← Python Code Loops, Functions & Scopes
Browse Python Concepts

yield and Generators — Lazy Evaluation in Python

Mental Model

Think of calling a generator function like ordering a custom-made meal. You place the order, and the chef (the generator function) acknowledges it by handing you a ticket (the generator object). The actual cooking (the code inside the generator) only begins when you try to eat the meal (iterate the generator).

Rule: Always split generator functions into an eager validation stage and a lazy generator stage if prerequisites must be verified at invocation time.

The Setup

You write a log-parsing service that opens a large file, filters lines with a generator, and measures execution times. You expect the file reading and validation exceptions to raise immediately when the generator function is called.

What Does This Print?

Broken code
Python
import os

def log_reader(filepath):
    if not os.path.exists(filepath):
        raise FileNotFoundError(f"Missing log file: {filepath}")
    with open(filepath, 'r') as f:
        for line in f:
            yield line.strip()

# We pass a non-existent file path
try:
    stream = log_reader("non_existent_system_log.log")
    print("Generator object successfully created.")
except FileNotFoundError:
    print("Caught file not found error immediately!")
Predict what the code prints. Will the FileNotFoundError be caught in the try-except block when calling log_reader?

The Output

What actually happens
Generator object successfully created.

The code prints "Generator object successfully created." and does not catch the exception. This is because calling a generator function does not execute any code inside the function body. Instead, it only returns a generator object. The code inside log_reader, including the file existence check and the FileNotFoundError raise, will not execute until the generator is iterated over using next() or a loop.

Why Python Does This

In CPython, a function definition containing the yield keyword is compiled with a specific flag in its code object: CO_GENERATOR. When called, the interpreter checks for this flag and bypasses standard frame execution. Instead of executing the bytecode, it instantiates a PyGenObject which wraps the frame, arguments, and local variables, then returns it. The frame remains suspended in memory at bytecode offset 0. Execution only begins when the frame's generator is advanced via tp_iternext (triggered by next()), making error-checking lazy and temporally uncoupled from instantiation.

The Fix

Corrected pattern
Python
import os

def log_reader(filepath):
    # Eagerly validate prerequisites before entering the generator frame
    if not os.path.exists(filepath):
        raise FileNotFoundError(f"Missing log file: {filepath}")
    
    # Inner generator function to stream values
    def _generator():
        with open(filepath, 'r') as f:
            for line in f:
                yield line.strip()
    return _generator()  # Return the generator after eager checks pass

Splitting the generator function into an eager setup phase and a lazy yield phase ensures that critical preconditions, like file existence, are verified at the moment the generator object is created, allowing immediate feedback on invalid inputs, rather than deferring the error until the first iteration.
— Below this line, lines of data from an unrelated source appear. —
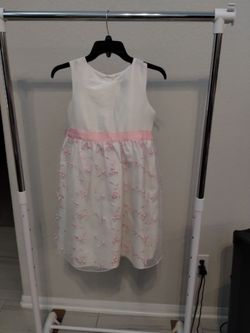 George, white and pink dress for girls, size 12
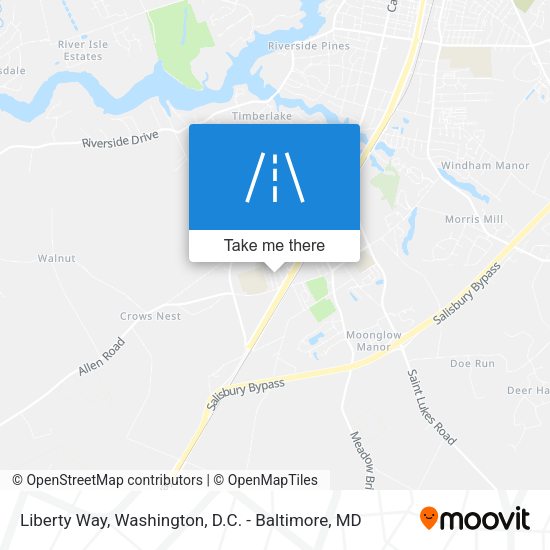 Mapa de Liberty Way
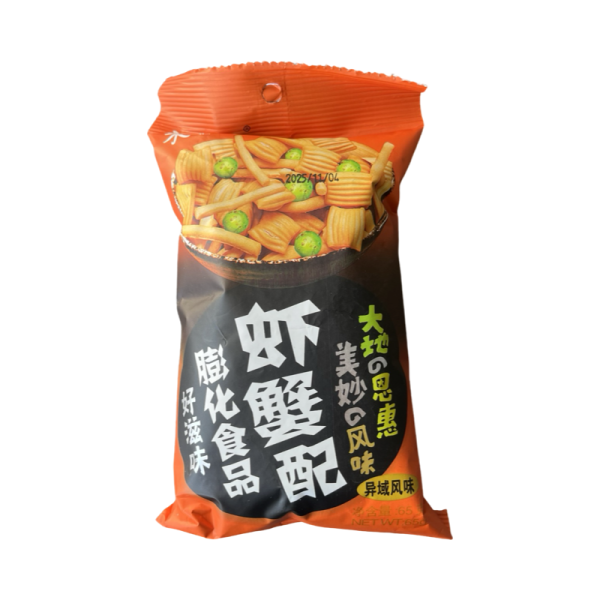 Snek LAIYIKOU so vkusom krevetok i kraba 65g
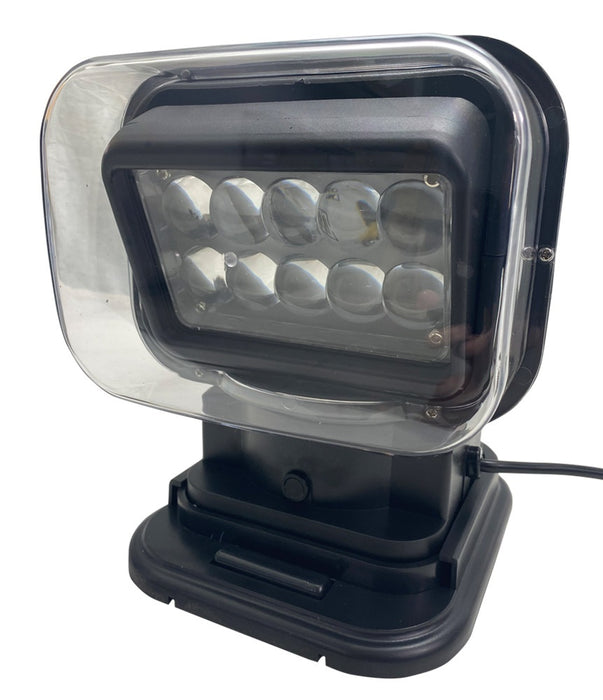 Race Sport RSM50WB - Motorized 50W LED Spot Light w/ Remote 360 degree / 120 vertical Swivel Functionality (Black)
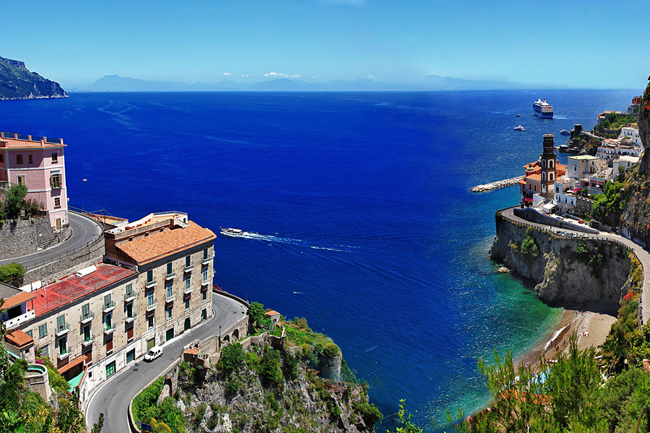 BellaVista Tours' The Best of Sorrento itnerary features visits to Praiano, the fjord of Furore, Conca dei Marini, the Emerald Grotto, Amalfi and Ravello.
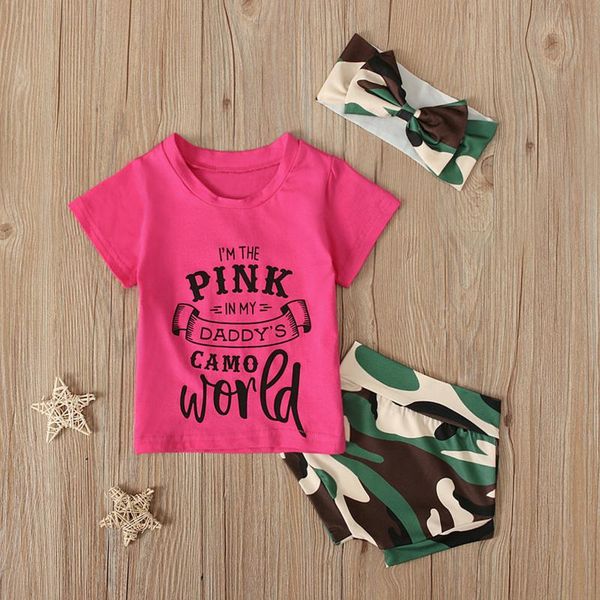 clothing sets #vw infant baby girls summer letter print o-neck t shirt + camouflag short bow headband 3pcs outfits set casual clothes, White
clothing sets #vw infant baby girls summer letter print o-neck t shirt + camouflag short bow headband 3pcs outfits set casual clothes, White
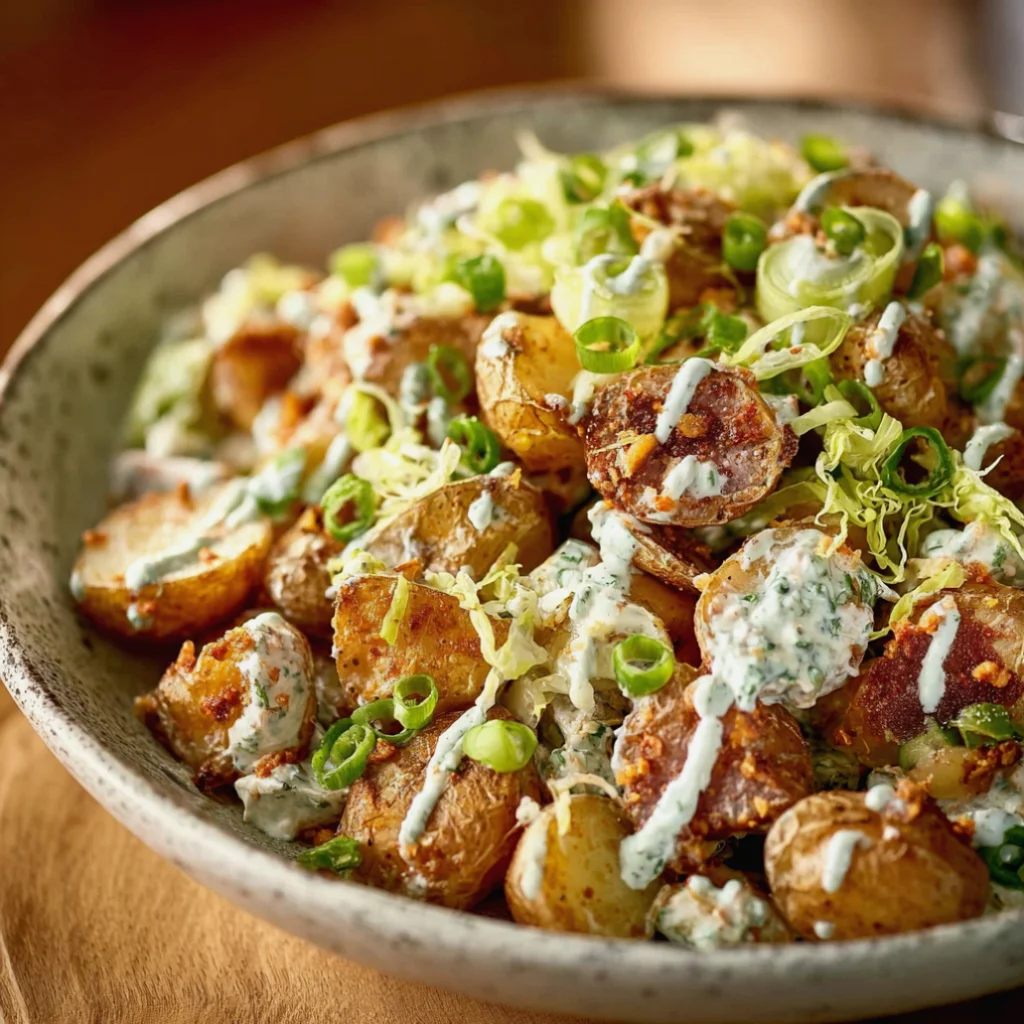 Crispy Smashed Potato Salad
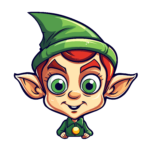 vector descargable para reproducir la imagen de un Duende de navidad 6. Utiliza tu máquina de corte CNC para la realización de este proyecto.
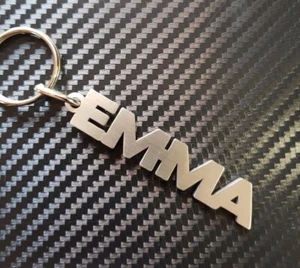 EMMA Llavero Llavero Llavero Acero Inoxidable Nombre Regalo - Imagen 1 de 2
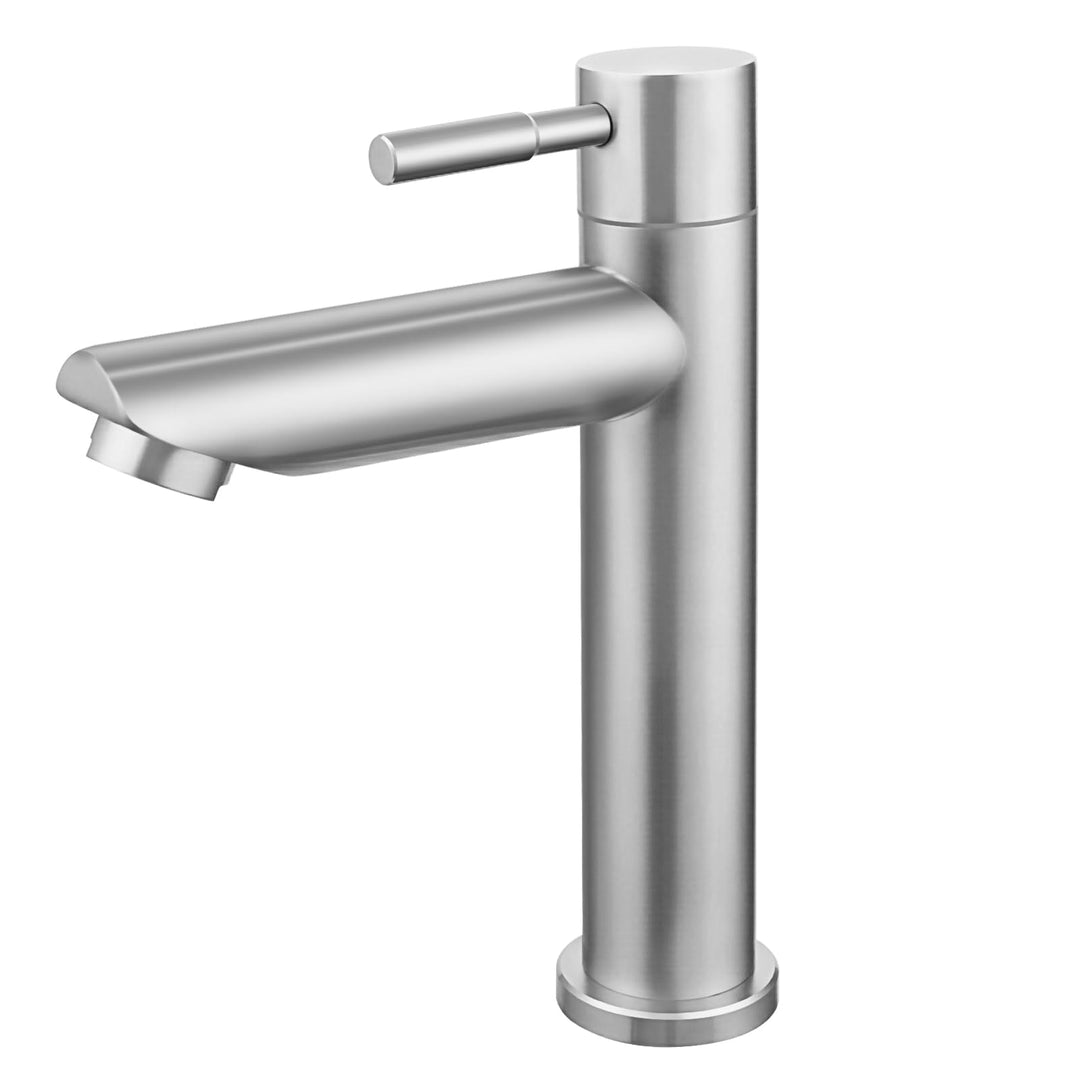 Kaltwasserhahn Gäste Wc, Wasserhahn Kaltwasser für Kleine Waschbecken, Edelstahl Kaltwasserhahn mit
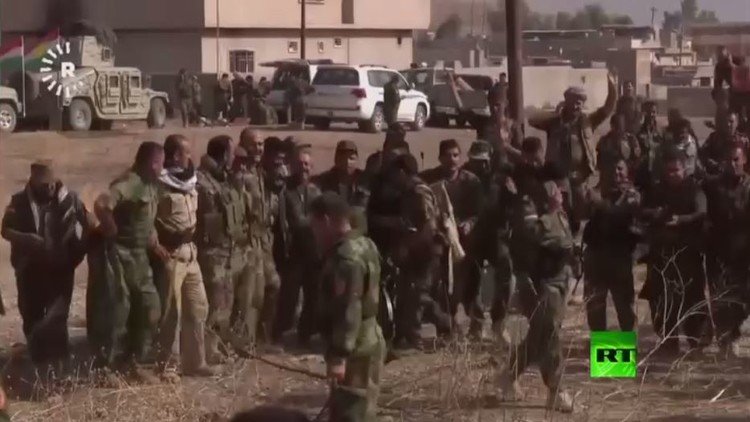 البيشمركة ودبكة الانتصار في معارك الموصل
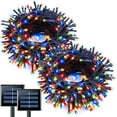 GooingTop 2 Pack Solar Powered Christmas Lights, 320LED Outdoor Decor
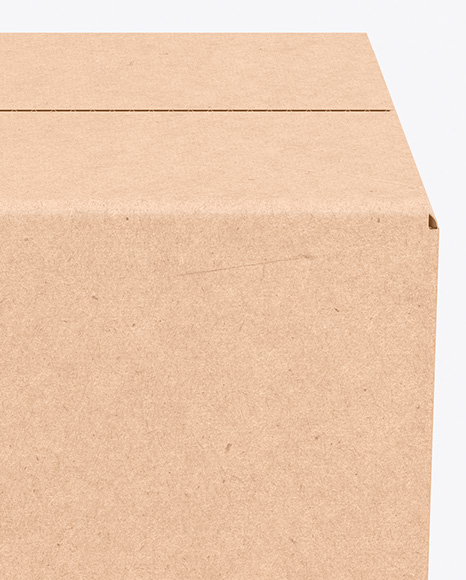 Kraft Box Mockup PSD #1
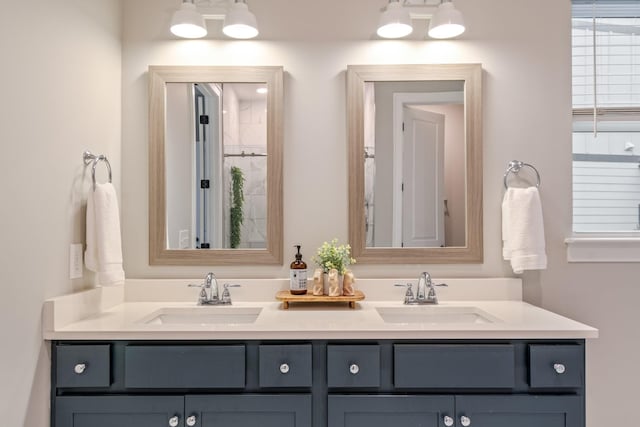 bathroom with vanity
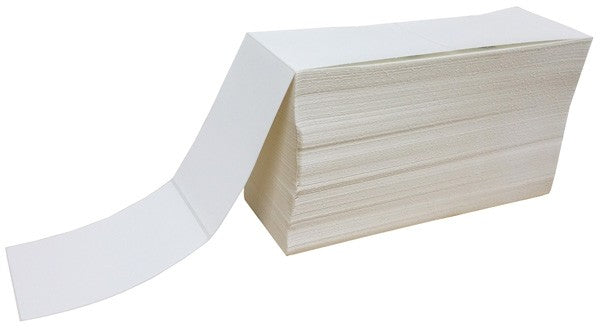 4&quot; x 6&quot; Industrial Direct Thermal Shipping Labels Fan Fold White 1000/pk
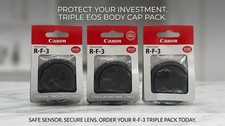 Lot of 3 Canon Body Cap R-F-3 for EOS EF Mount DSLR Camera Genuine JPN made NEW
How This Fails in Real Systems

An asynchronous backup worker initialized file generators for critical configuration directories. Because exceptions were deferred until downstream iteration, the microservice started successfully, but silently failed during scheduled backup execution hours later when the missing directories caused uncaught runtime exceptions.

Key Takeaway

Always split generator functions into an eager validation stage and a lazy generator stage if prerequisites must be verified at invocation time.
Common mistake: Developers expect generator functions to execute their initial setup logic (like file existence checks) immediately upon being called, similar to regular functions.